Aquila’s unorthodox approach to perhaps the most well known of Shakespeare’s many plays has succeeded in freeing its contemporary audiences from conventions that require them to sit quietly and absorb the action. Boisterousness is ruling the rows again, Meineck said, with ticket-holders sometimes loudly protesting when a middle-aged man is selected as Juliet.

“I’ve never heard people talk so much at intermission,” Meineck, the company’s founder, says with some amazement. “We try to create conversation, so it’s wonderful to hear.”

Audiences aren’t just titillated by the very real possibility of bloopers: Meineck believes rearranging the ages, races and genders of iconic roles prompts viewers to rethink their understanding of the play and its meaning.

Romeo and Juliet is one of the most difficult plays to create new,” says Meineck. “But this really is a play about love, and how anybody can have this overwhelming love for anyone at any time. Anybody could be Romeo or Juliet.”

Or, everybody could be Romeo or Juliet. Every member of the company learned every role in the play, and while Romeo remains the favorite part for male and female actors alike, most everyone has pulled Balthasar or Abraham duty.

Although the casting-on-the-fly concept sounds madcap, the company—under the artistic direction of Meineck, who moonlights as a Classics professor at New York University and is an award-winning translator of Aristophanes—was exceedingly meticulous in its preparation, a process complicated by the thousands of mathematically possible cast combinations. Even basic blocking was fraught with difficulties: Would Romeo be embracing a wisp of a girl or a hulk of a man?

“It was the hardest rehearsal we’ve ever done,” Meineck says. “Some of our senior actors hadn’t been pushed so hard in 16 years.”

One of the toughest hurdles for the actors was becoming accustomed to playing opposite a character whose lines they knew—and could deliver with feeling. Like so many of Shakespeare’s works, Romeo and Juliet is predicated on misunderstanding, so any indication of such familiarity could undo a performance.

“It’s definitely a real challenge,” Meineck says. “The actors are constantly working.”

Role-swapping isn’t unprecedented in Shakespeare: John Gielgud and Laurence Olivier famously alternated the roles of Romeo and Mercutio in a 1935 stage production, hailed as a triumphant experiment. But Aquila’s technique, which emerged from workshopping the roles of Romeo and Juliet as two men and two women, is new.

“I don’t think anyone else would be stupid enough to try it,” Meineck says.

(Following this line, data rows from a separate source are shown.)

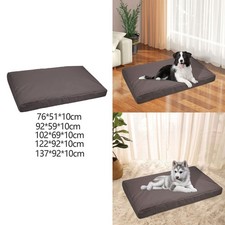 Housse de lit pour chien, drap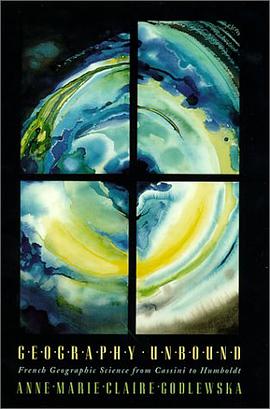 Geography Unbound pdf epub mobi 电子书 下载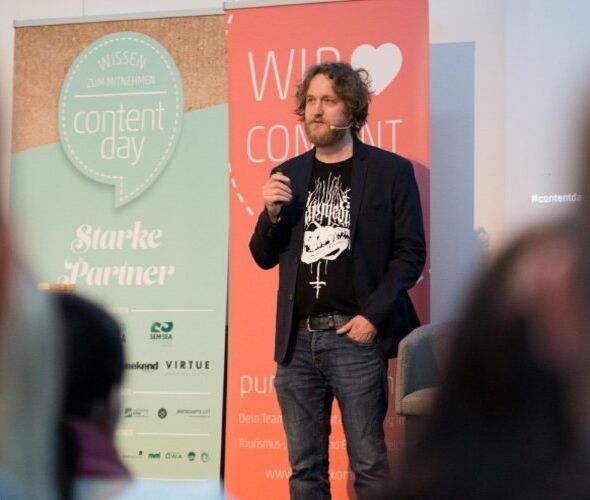 Der ContentDay 2017: Context is God!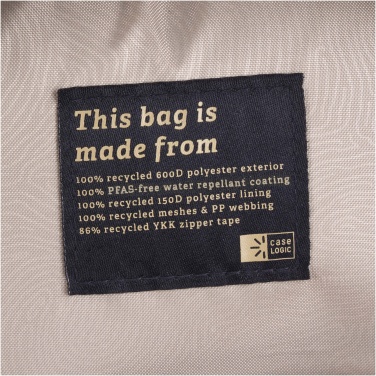 Logo trade promotional merchandise picture of: Case Logic Invigo 14" recycled laptop backpack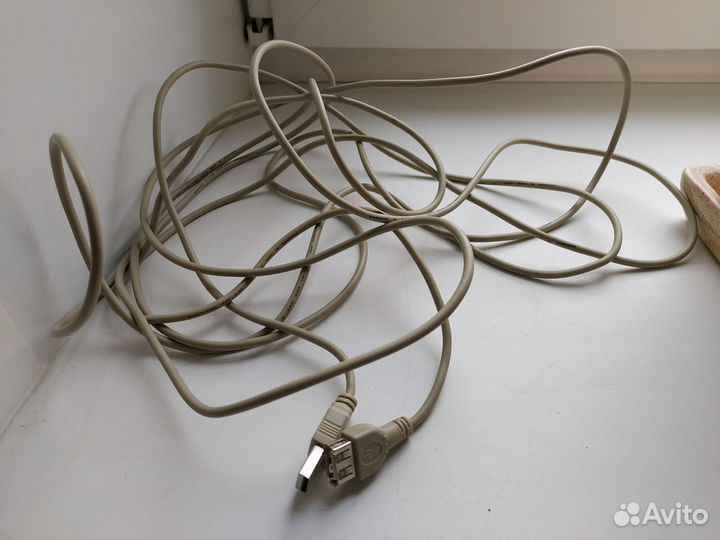 Usb шнур 5 метров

Nor is he sure it would be as effective when applied to Shakespeare’s political dramas, which are populated by so many men of indeterminate age. Theatergoers have a fixed vision of Juliet as a teenaged beauty, and tend to squirm in their seats when a lanky older fellow with a weather-beaten face steps into the role.

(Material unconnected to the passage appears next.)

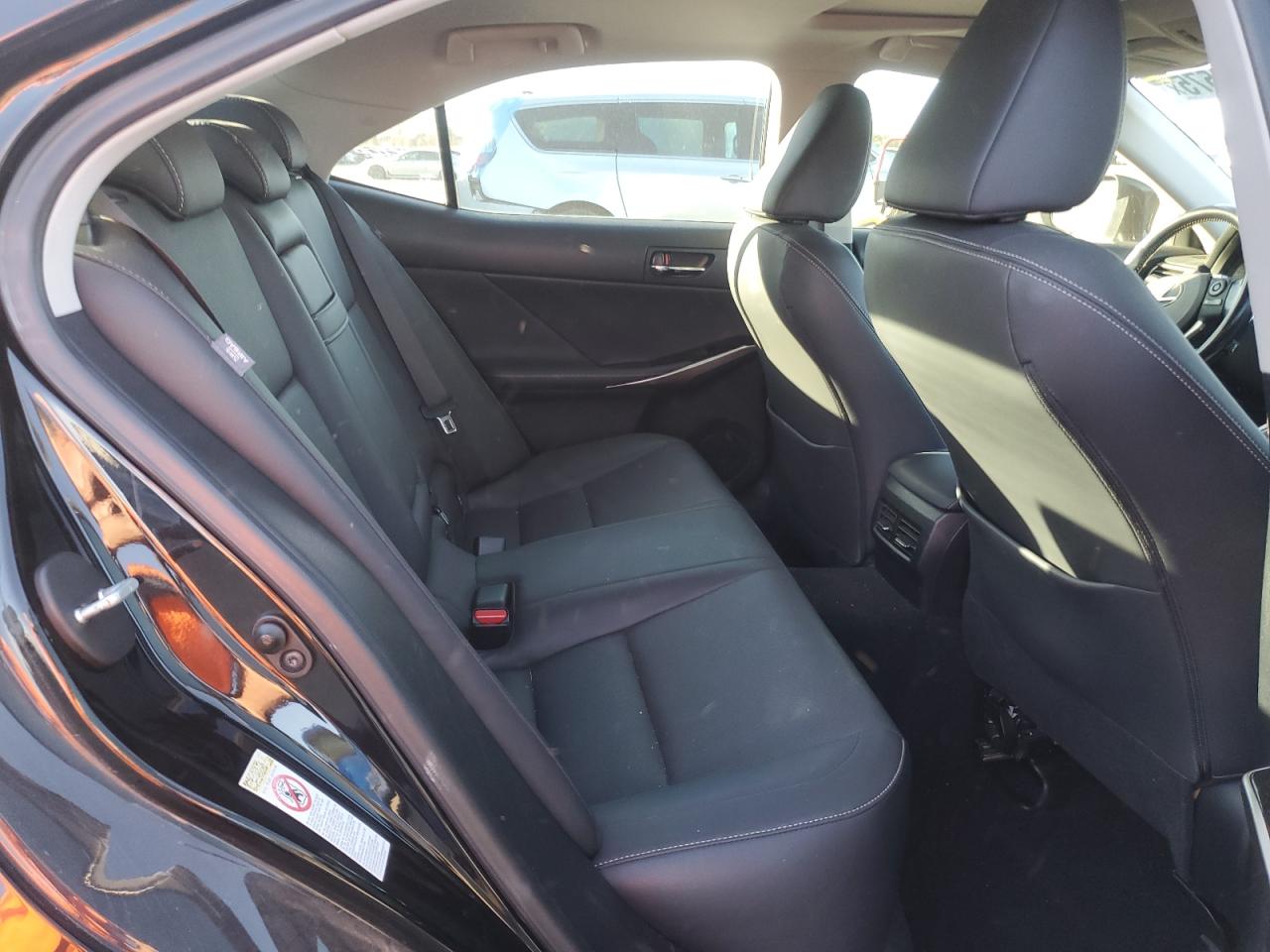 2016 Lexus Is 300 VIN: JTHCM1D22G5012097 Lot: 92239575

Although audiences seem willing to accept a female Romeo, they apparently feel entitled to a white Juliet with classically lovely features.

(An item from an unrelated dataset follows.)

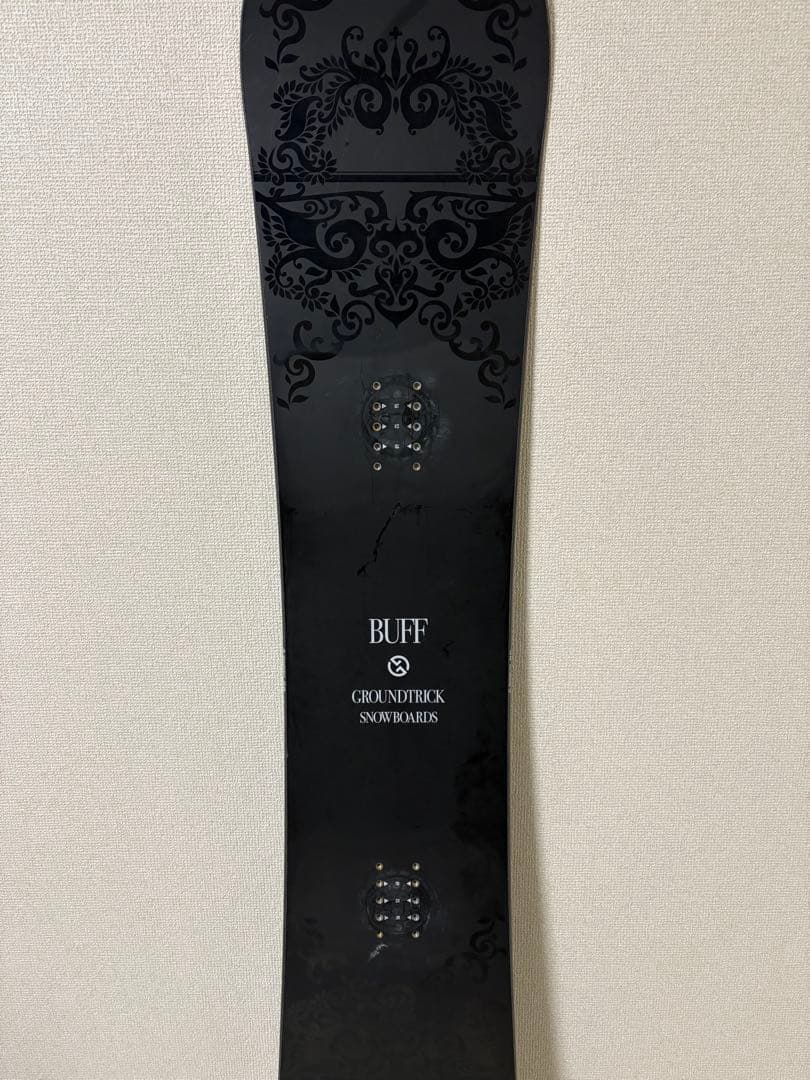 25-26モデル BUFF GTスノーボード 150cm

“I love it when Kenn Sabberton, who’s 55, plays Juliet,” says Meineck. “It’s interesting what it brings up. Your imagination is forced to work harder.”

Actors cast in roles so obviously at odds with their physiques strive not to create caricatures of their characters: “If you make it a drag act, or you make it a little bit campy, you lose the text,” says Meineck, conceding that the male actors have exploited the comic possibilities of playing Juliet’s nurse.

“We pushed the envelope on this one,” says Meineck. “This production was a great risk. We didn’t know if we’d pull it off.”

Aquila’s famously progressive productions have encountered skepticism nearly everywhere they’re staged, including the White House. Nervous staffers worried the company’s go-go take on Much Ado About Nothing would offend the building’s current residents, whose artistic tastes run to the Everly Brothers and Field of Dreams. But in an interview with the Washington Post published earlier this month, Laura Bush named the 2005 production the best Shakespeare she’d ever seen.

“Sometimes you have to take risks,” says Meineck. “The device we’re using is quite magical, and I think theater should be magical. Otherwise, why would you leave your living room?”